| Given material |
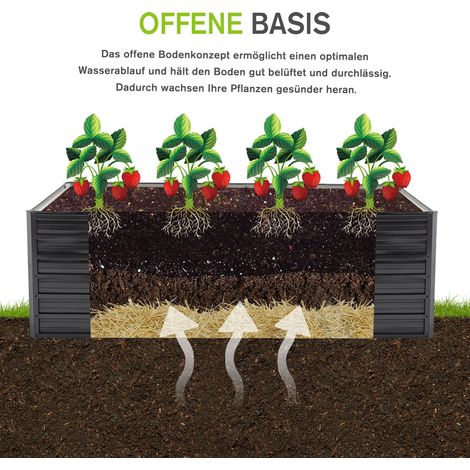 Jardinière surélevée en métal 190 x 90 x 64 cm, grand bac à fleurs avec fond ouvert pour un drainage optimal, kit robuste, résistant aux intempéries et à la rouille, idéal pour les légumes, les fleurs (1/5)
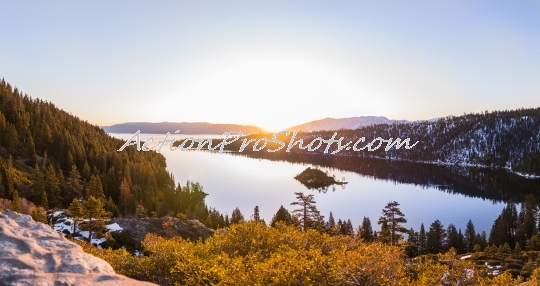 Overlooking Emerald Bay at Sunrise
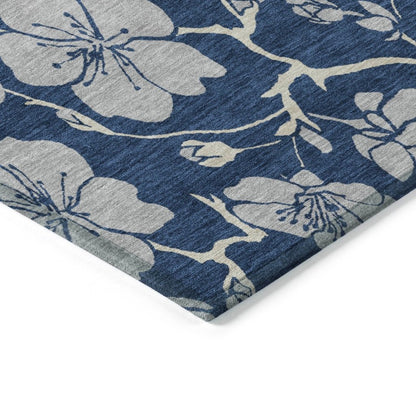 LOOMLAN Rugs Inoa Blue Washable Indoor-Outdoor Rug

| Your assignment |
Exactly reproduce the lines beginning at the one that contains "Overlooking Emerald Bay at Sunrise" and ending at the final line of the material, with the pictures left out.

| Finished task |
 Overlooking Emerald Bay at Sunrise
 LOOMLAN Rugs Inoa Blue Washable Indoor-Outdoor Rug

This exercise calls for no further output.